The other gotcha is that classdef properties and methods, especially statics like this, are slow. On my machine, reading this constant is about 100x slower than calling a plain function (22 usec vs. 0.2 usec, see this question). If you're using a constant inside a loop, copy it to a local variable before entering the loop. If for some reason you must use direct access of constants, go with a plain function that returns the value.

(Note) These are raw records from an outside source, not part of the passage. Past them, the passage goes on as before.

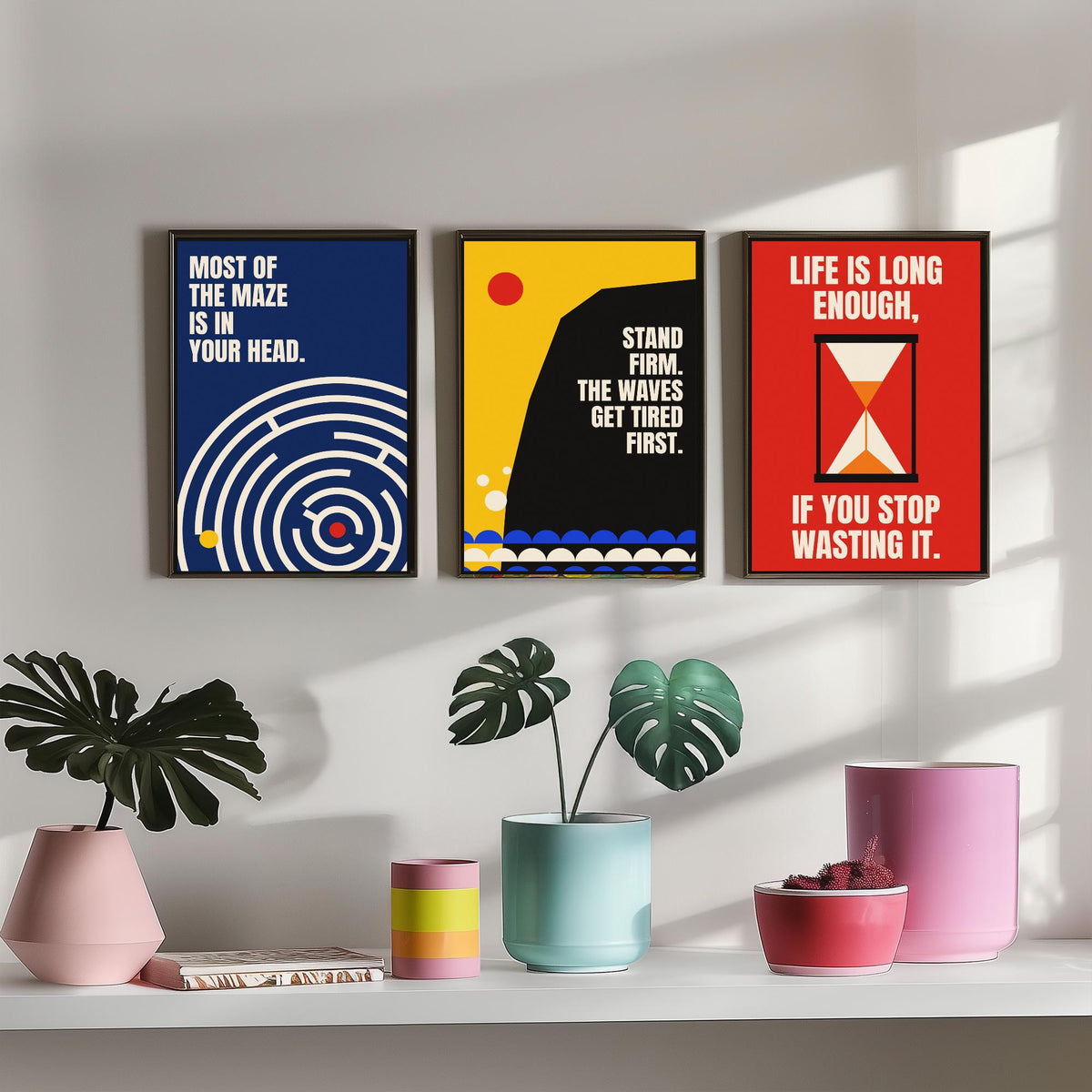 Philosophy Quotes Set of Three Art Prints - 3 Retro Bauhaus Stoic Posters - Minimalist Office Wall Art Illustration V2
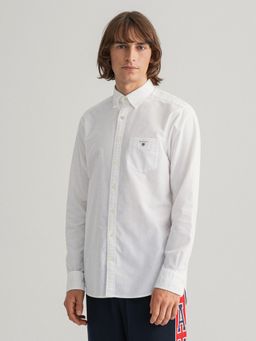 GANT - Men White Solid Regular Fit Shirt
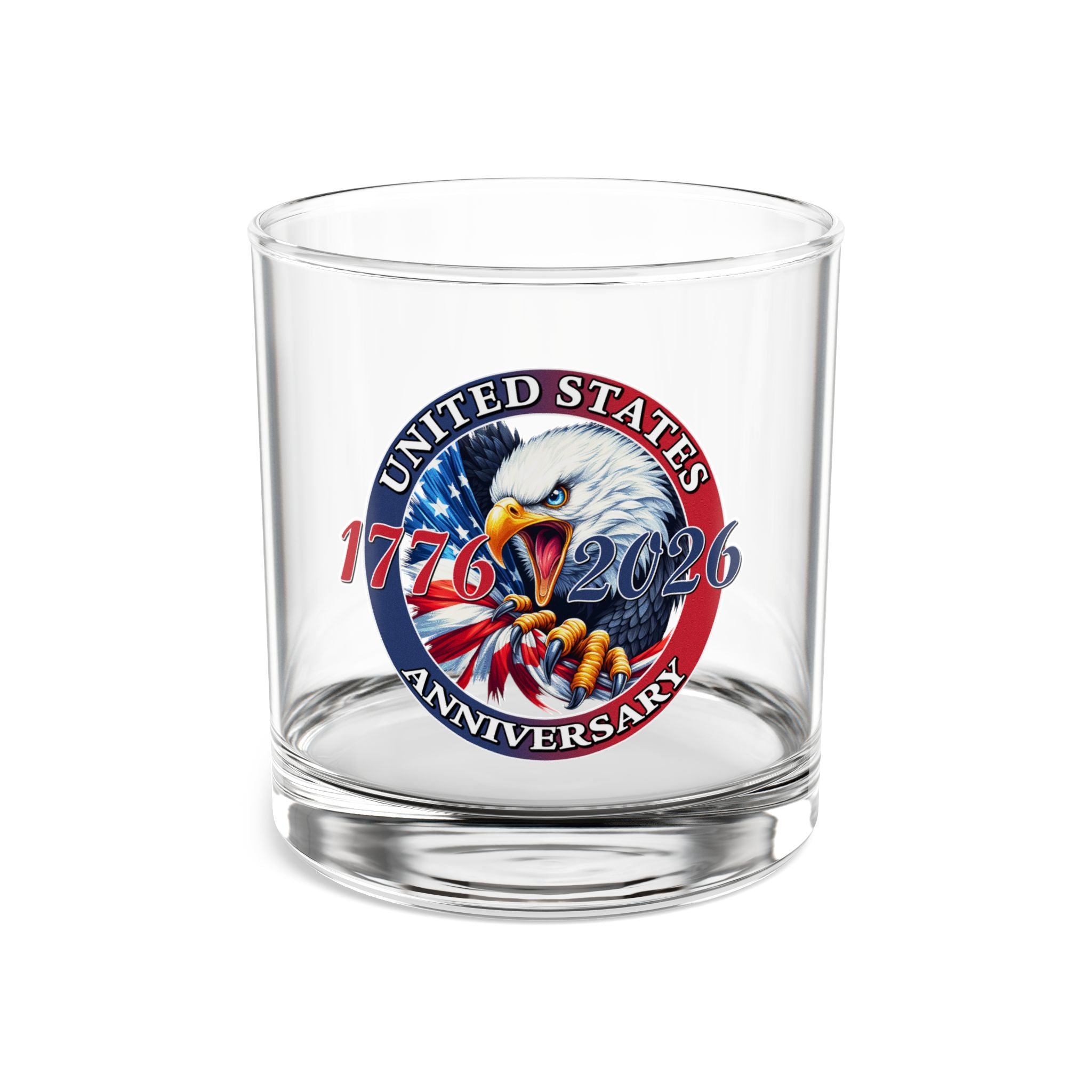 America 250th Anniversary Patriotic Eagle Rocks Glass – 1776 - 2026 Edition - PatriotDepot.com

For the sake of your sanity, stay away from the preprocessor stuff. Getting that to work inside the Matlab IDE and debugger (which are very useful) would require deep and terrible hacks.

Andrew Janke
I'd *love* to use the OOP stuff introduced in the newer versions of Matlab, but it makes things **depressingly slow** in our tests. (Running a *simple* function 100,000 times went from taking 0.0837 seconds to 2.3689 seconds when changing from nested functions to the OOP stuff.) Most of the stuff we write needs to be fairly optimized, so that overhead is quite deterring.
Benjamin Oakes
(I can post the code if you'd like.)
Benjamin Oakes
I hear ya. (See the other linked Q on OOP performance.) I use it sparingly, for the same reason. You can mix and match: put constants in a classdef for organization, and keep the rest of your code in functions or old style (faster) OOP. Overhead is per call; introducing OOP doesn't make existing non-OOP code slower. Pull the constant into a local variable before entering tight loops and it may be all right. Barring that, functions returning constant values is the idiomatic pre-2008a way to do constants, and what I'd suggest.
Andrew Janke
+1  A: 

MATLAB doesn't have an exact const equivalent. I recommend NOT using global for constants - for one thing, you need to make sure they are declared everywhere you want to use them. I would create a function that returns the value(s) you want. You might check out this blog post for some ideas.